* **YOUR OBJECTIVE**
Every line between the one containing "ＭＡＩＮＧＲＡＮＤＩＡ　ＡＳＡＫＵＳＡ・404号室の間取り" and the last line of the data, both included, is to be set down exactly, and pictures are to be omitted.

* **COLLECTED MATERIAL**
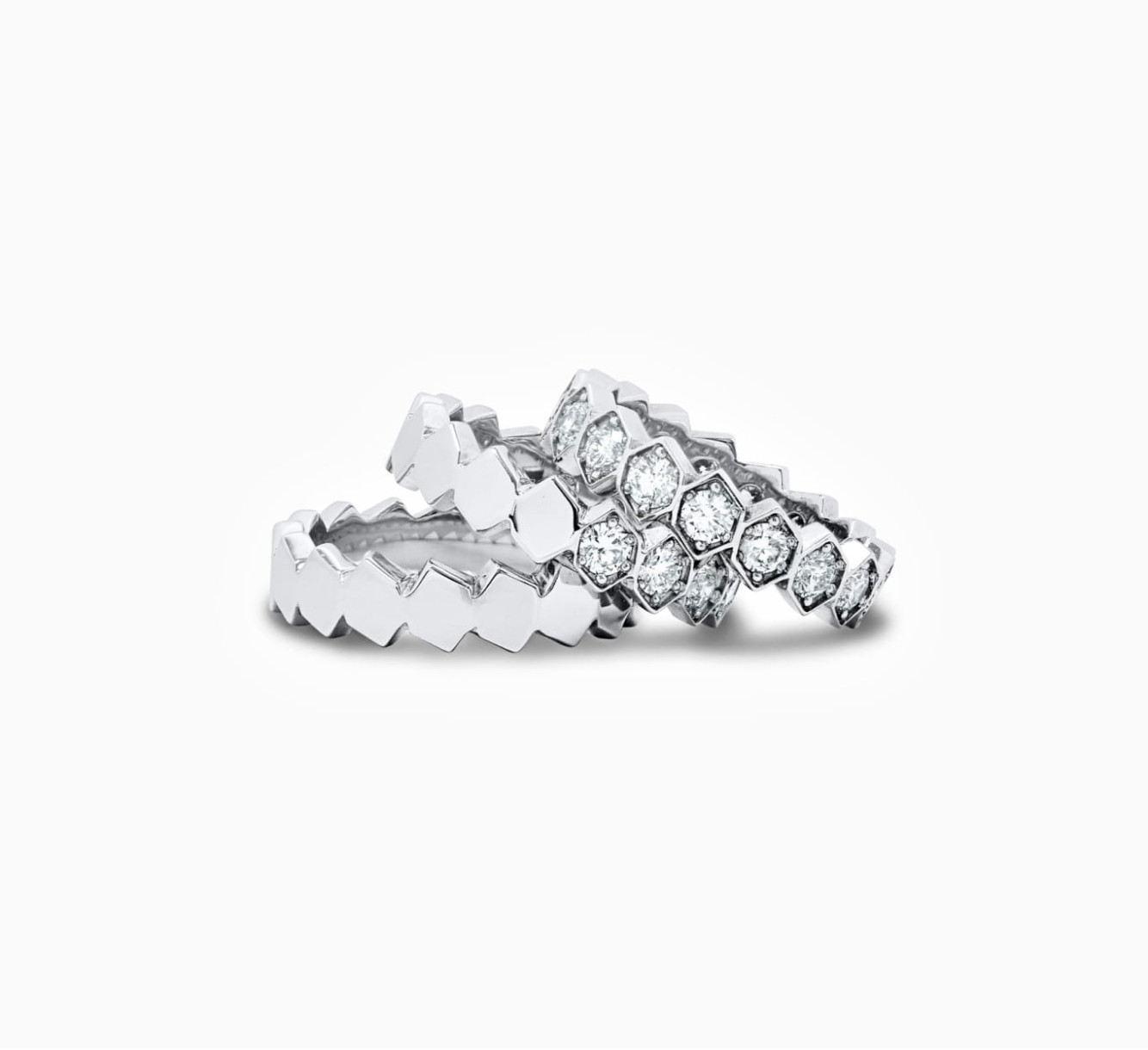 Каблучки з білого золота з діамантами comb <span>2024</span>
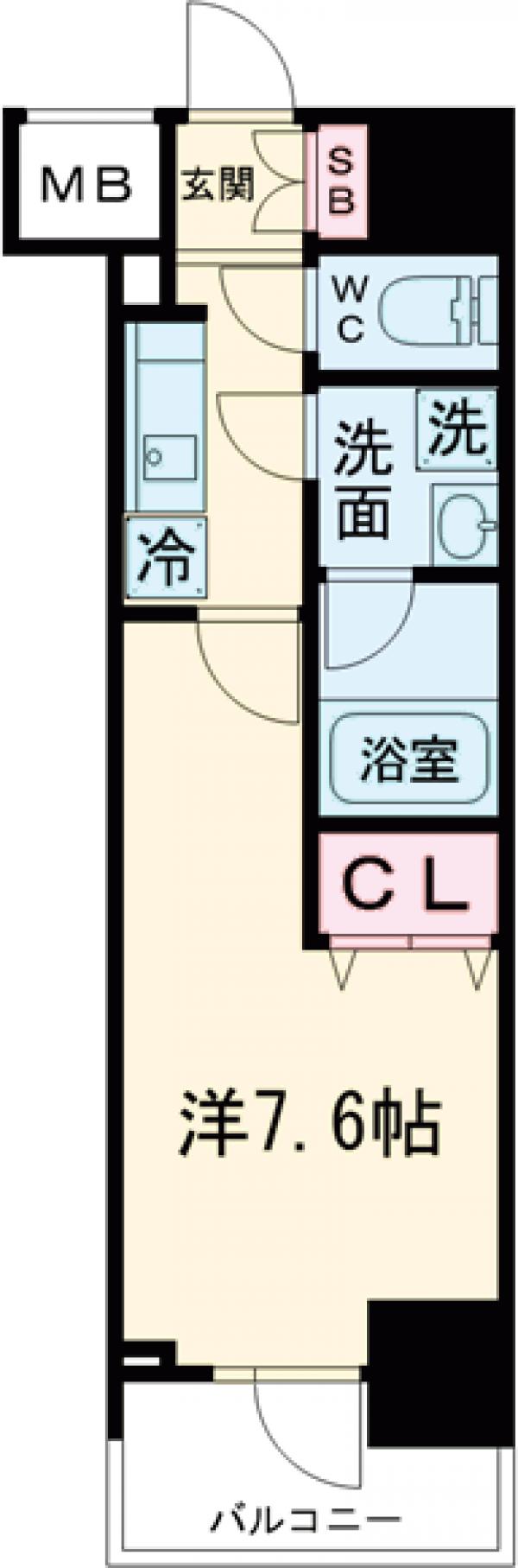 ＭＡＩＮＧＲＡＮＤＩＡ　ＡＳＡＫＵＳＡ・404号室の間取り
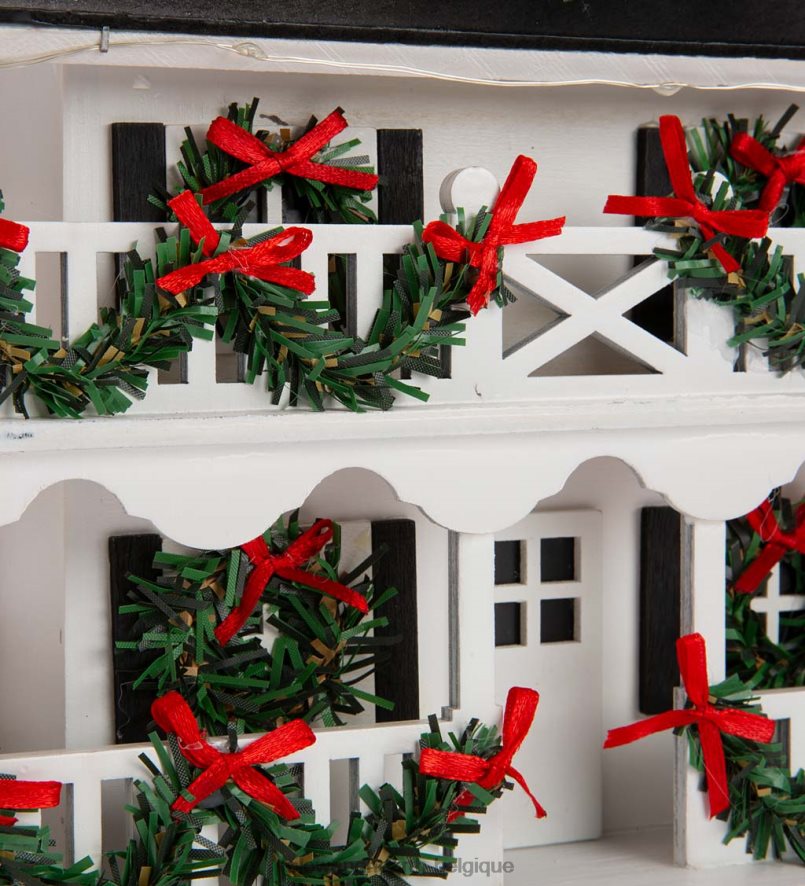 60H0823083 Plow & Hearth Maison de vacances coloniale éclairée, nichoir à oiseaux saisonniers et cadeaux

* **REPLY**
 ＭＡＩＮＧＲＡＮＤＩＡ　ＡＳＡＫＵＳＡ・404号室の間取り
 60H0823083 Plow & Hearth Maison de vacances coloniale éclairée, nichoir à oiseaux saisonniers et cadeaux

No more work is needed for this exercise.